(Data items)
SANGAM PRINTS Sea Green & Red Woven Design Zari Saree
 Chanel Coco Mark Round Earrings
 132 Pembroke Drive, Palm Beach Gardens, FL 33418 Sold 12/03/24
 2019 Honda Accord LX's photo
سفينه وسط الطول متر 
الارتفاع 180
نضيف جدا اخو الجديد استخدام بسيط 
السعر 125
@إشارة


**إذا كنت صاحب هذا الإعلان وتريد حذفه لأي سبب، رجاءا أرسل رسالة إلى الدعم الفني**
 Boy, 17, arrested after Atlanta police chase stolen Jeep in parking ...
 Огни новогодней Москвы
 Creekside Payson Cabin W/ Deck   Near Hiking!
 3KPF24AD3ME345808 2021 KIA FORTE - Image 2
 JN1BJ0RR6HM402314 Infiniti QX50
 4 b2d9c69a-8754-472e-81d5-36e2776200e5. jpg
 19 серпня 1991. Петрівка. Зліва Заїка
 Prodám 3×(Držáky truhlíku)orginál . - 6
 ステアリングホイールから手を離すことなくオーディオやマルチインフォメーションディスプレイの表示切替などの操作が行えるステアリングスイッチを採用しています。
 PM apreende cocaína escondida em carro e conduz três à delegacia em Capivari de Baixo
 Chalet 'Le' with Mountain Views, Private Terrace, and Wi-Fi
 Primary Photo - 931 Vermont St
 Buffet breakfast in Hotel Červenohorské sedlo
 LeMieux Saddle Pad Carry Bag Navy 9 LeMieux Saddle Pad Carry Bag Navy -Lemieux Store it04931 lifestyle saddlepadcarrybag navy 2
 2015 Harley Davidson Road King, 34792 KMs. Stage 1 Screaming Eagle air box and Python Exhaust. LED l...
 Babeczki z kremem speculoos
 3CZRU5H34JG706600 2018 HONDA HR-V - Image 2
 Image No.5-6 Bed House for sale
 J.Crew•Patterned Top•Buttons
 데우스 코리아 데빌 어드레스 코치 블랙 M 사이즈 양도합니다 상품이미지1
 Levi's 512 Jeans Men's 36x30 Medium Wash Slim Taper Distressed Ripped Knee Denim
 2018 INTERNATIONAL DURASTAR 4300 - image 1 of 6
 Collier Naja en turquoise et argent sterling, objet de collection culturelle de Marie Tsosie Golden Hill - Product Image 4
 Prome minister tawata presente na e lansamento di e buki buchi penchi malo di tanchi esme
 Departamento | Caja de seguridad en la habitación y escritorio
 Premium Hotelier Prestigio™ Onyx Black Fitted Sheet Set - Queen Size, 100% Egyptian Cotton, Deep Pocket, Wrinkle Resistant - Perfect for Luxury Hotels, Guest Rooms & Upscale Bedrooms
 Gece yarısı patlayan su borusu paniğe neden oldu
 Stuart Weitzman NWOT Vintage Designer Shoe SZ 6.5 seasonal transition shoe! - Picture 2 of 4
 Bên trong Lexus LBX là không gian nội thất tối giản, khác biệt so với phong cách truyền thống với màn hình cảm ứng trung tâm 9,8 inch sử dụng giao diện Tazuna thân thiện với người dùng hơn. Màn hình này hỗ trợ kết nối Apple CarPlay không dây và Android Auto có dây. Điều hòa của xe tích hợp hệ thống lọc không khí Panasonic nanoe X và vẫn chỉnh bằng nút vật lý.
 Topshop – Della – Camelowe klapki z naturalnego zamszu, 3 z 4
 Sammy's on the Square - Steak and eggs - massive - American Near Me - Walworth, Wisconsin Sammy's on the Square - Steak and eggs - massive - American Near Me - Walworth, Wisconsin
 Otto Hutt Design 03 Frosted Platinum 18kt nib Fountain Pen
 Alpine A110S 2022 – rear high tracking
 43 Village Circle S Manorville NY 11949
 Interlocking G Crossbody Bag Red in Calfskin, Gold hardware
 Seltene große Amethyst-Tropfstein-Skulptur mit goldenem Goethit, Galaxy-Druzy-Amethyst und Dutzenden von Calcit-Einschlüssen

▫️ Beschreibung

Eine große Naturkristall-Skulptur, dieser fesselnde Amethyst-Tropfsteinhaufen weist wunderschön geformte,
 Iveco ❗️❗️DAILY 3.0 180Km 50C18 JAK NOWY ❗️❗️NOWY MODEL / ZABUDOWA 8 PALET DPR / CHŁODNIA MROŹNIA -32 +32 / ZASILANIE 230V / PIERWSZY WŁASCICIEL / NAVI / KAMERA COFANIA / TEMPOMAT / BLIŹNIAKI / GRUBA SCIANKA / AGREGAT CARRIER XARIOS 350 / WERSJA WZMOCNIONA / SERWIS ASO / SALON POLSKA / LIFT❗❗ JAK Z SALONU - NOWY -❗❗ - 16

* **Brief**
Among the entries above, the lines between the ones containing "Bên trong Lexus" and "Otto Hutt Design", inclusive, are to be transcribed exactly. No other line is to be given.

* **Answer to the problem**
 Bên trong Lexus LBX là không gian nội thất tối giản, khác biệt so với phong cách truyền thống với màn hình cảm ứng trung tâm 9,8 inch sử dụng giao diện Tazuna thân thiện với người dùng hơn. Màn hình này hỗ trợ kết nối Apple CarPlay không dây và Android Auto có dây. Điều hòa của xe tích hợp hệ thống lọc không khí Panasonic nanoe X và vẫn chỉnh bằng nút vật lý.
 Topshop – Della – Camelowe klapki z naturalnego zamszu, 3 z 4
 Sammy's on the Square - Steak and eggs - massive - American Near Me - Walworth, Wisconsin Sammy's on the Square - Steak and eggs - massive - American Near Me - Walworth, Wisconsin
 Otto Hutt Design 03 Frosted Platinum 18kt nib Fountain Pen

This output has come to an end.